The #Creators4BIPOC movement is helping the choreographers behind the likes of the ‘Savage’ and ‘Up’ dances get proper credit for their creations
Ten Black, Indigenous, and People of Colour (BIPOC) choreographers are fighting to get recognition for their dance creations. Among them are the originators of several viral TikTok dances, including for Megan Thee Stallion’s “Savage” and Cardi B’s “Up”.
Keara Wilson (creator of the “Savage” dance), Young Deji (“The Woah” dance), the Nae Nae Twins (“Savage Remix” dance), and Mya Johnson and Chris Cotter (“Up” dance) are being helped by the #Creators4BIPOC movement to secure the copyrights to their choreography.
The initiative is led by JaQuel Knight, who made history earlier this year by becoming the first choreographer to copyright his dance moves – for none other than Beyoncé’s “Single Ladies (Put A Ring On It)”. After launching Knight Choreography and Music Publishing Inc last year – a publisher that will help other artists copyright their dances – Knight has now partnered with Logitech to help the chosen BIPOC creators own and monetise their creations.
The ten choreographers were presented with labanotations last week – a notation system for recording and analysing human movement that Variety reports is “the first step in helping the creators secure copyright to their choreography”.
“Copyrighting movement is about putting the power back in the artist’s hands,” Knight told the publication ahead of Wednesday’s (July 28) event. “It’s getting really serious. How much longer do we allow for the art of choreography and the art of dance to be taken advantage of?”

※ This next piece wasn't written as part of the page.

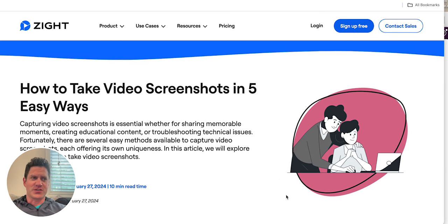Thanks for checking out our blog — go ahead and check out Zite. Give it a try for free. Thanks.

Meredith Rojas, Logitech’s global head of creator and entertainment marketing, added: “This is about putting the creator at the centre of everything we do.”

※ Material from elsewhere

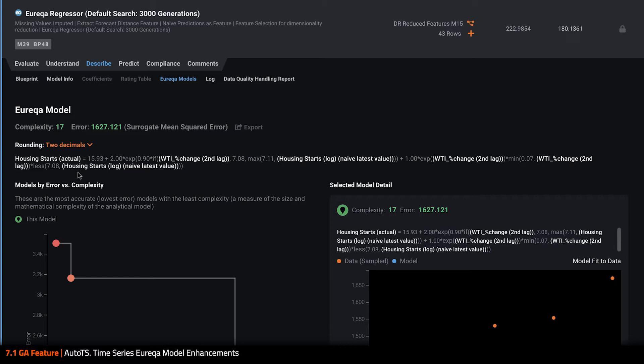Specifically, lagged information about our target housing starts, and other lagged versions of the change in West Texas crude spot prices. The model is using a few complex operators in this case with a few nested ifs, max and min thresholds, exponents, and more.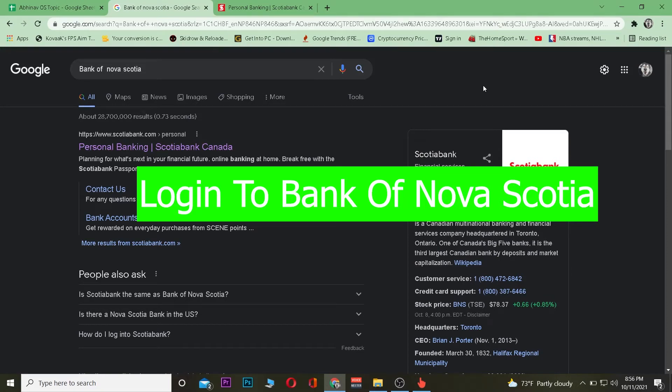Alright boys and girls, welcome back to the video. It's me Vichy Kevin and you're watching 1 to 7 YouTube channel. In this video I'm going to be teaching you guys how you can log in into Scotiabank.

Black users who create viral TikTok dances are too often not credited for their work. This was most sharply exemplified by Addison Rae’s April appearance on The Tonight Show Starring Jimmy Fallon, when she taught a number of routines to Fallon without crediting the creators of the moves.
Speaking to PopSugar at the time, Mya Johnson (co-creator of “Up”) said of Rae’s appearance: “I was very surprised because it’s like, ‘Wow, I made a dance that’s made it all the way to TV’. I was happy and everything... (but) I felt like that should have been my time and Chris’ time because we created the dance.”

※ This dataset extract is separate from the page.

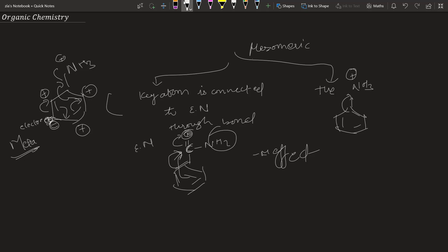That is it for your resonance or mesomeric effect. In the next lecture we are going to talk about hyperconjugation — a really important and fun effect. After that we'll cover a lot of exceptions, the ortho effect, and many more questions. I'll see you in the next one — take care, bye bye, keep studying and keep working hard!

After being widely criticised for not asking the dances’ original Black choreographers to take part in the segment, Fallon invited some of them, including Johnson, Cotter, Wilson, and more, to break down and perform their moves in the following show. “On our last show, we did a bit with Addison Rae where she taught me eight viral TikTok dances,” Fallon said. “Now we recognise that the creators of those dances deserve to have their own spotlight.”
In June, Black TikTokers protested white users’ appropriation of their work by refusing to create dances to Megan Thee Stallion’s new song, “Thot Shit”. The boycott was part of the #BlackTikTokStrike, which saw a number of Black creators stop posting content in order to raise awareness of the work they contribute to the app and gain proper recognition for it.